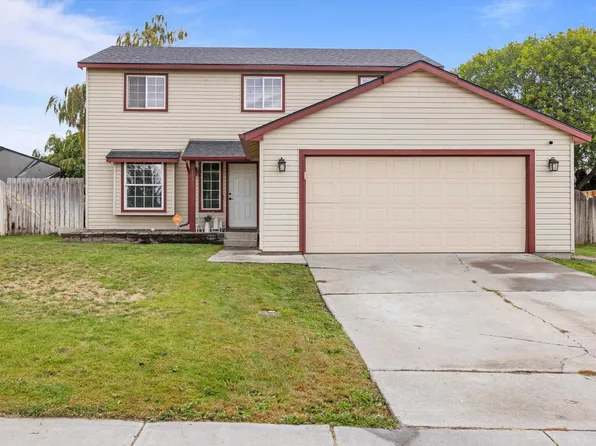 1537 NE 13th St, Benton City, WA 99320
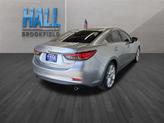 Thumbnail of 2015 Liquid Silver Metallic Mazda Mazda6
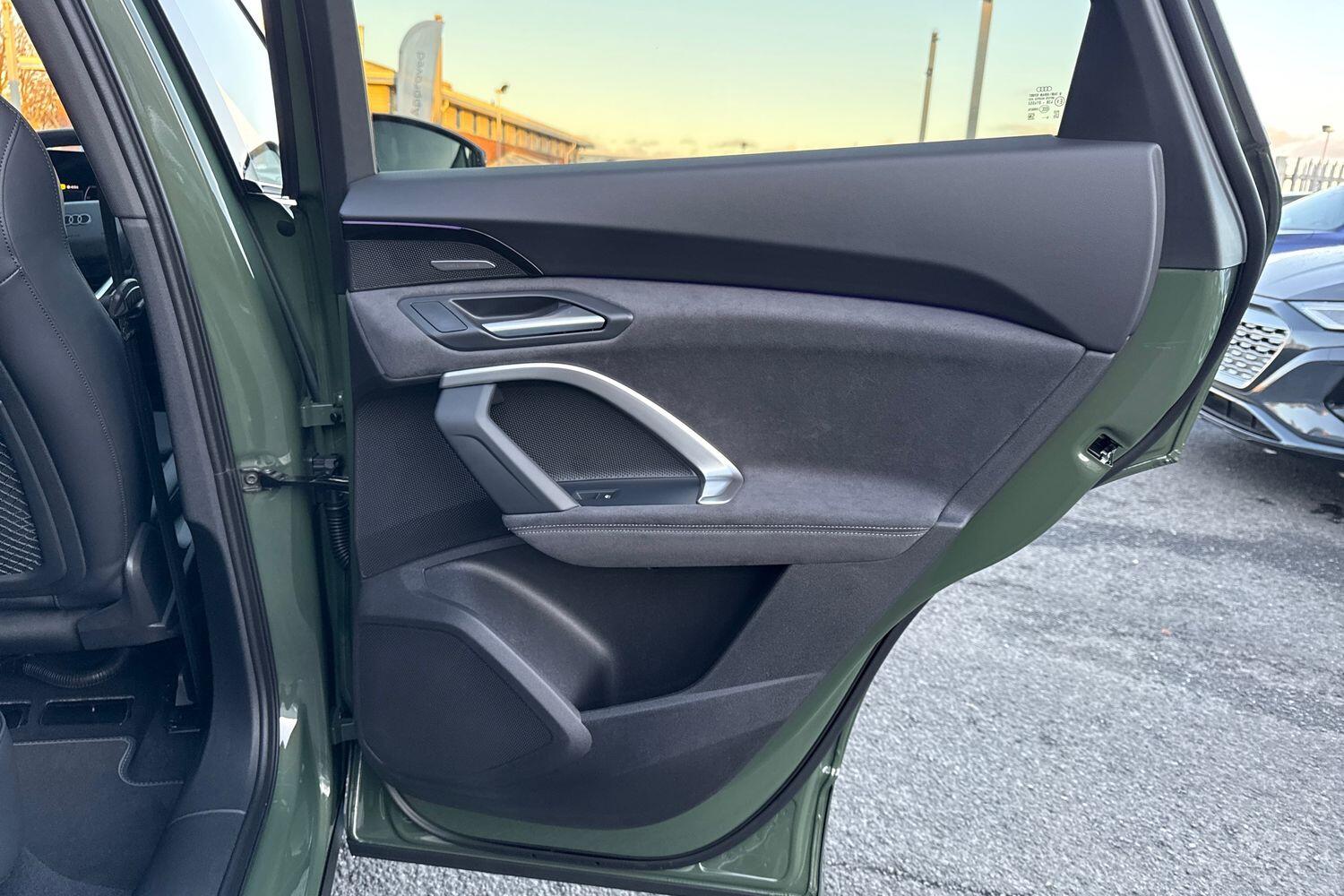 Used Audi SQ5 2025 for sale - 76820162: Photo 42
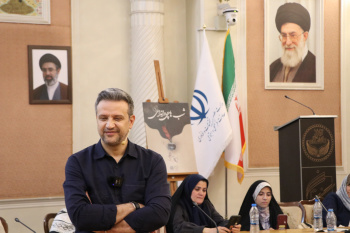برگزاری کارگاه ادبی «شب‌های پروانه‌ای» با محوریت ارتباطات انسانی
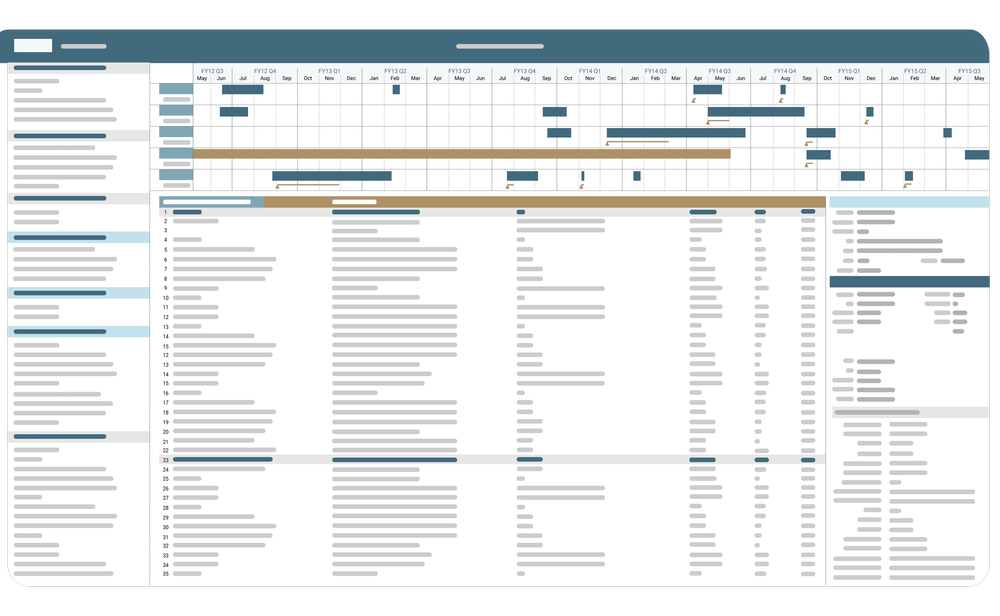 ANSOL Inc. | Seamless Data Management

+ + + + + + +

▸ **Goal of the exercise**: Retype exactly the lines from the one containing "Used Audi SQ5" through the last line of the records above, both included, and leave out any pictures.

▸ **Written answer**:
 Used Audi SQ5 2025 for sale - 76820162: Photo 42
برگزاری کارگاه ادبی «شب‌های پروانه‌ای» با محوریت ارتباطات انسانی
 ANSOL Inc. | Seamless Data Management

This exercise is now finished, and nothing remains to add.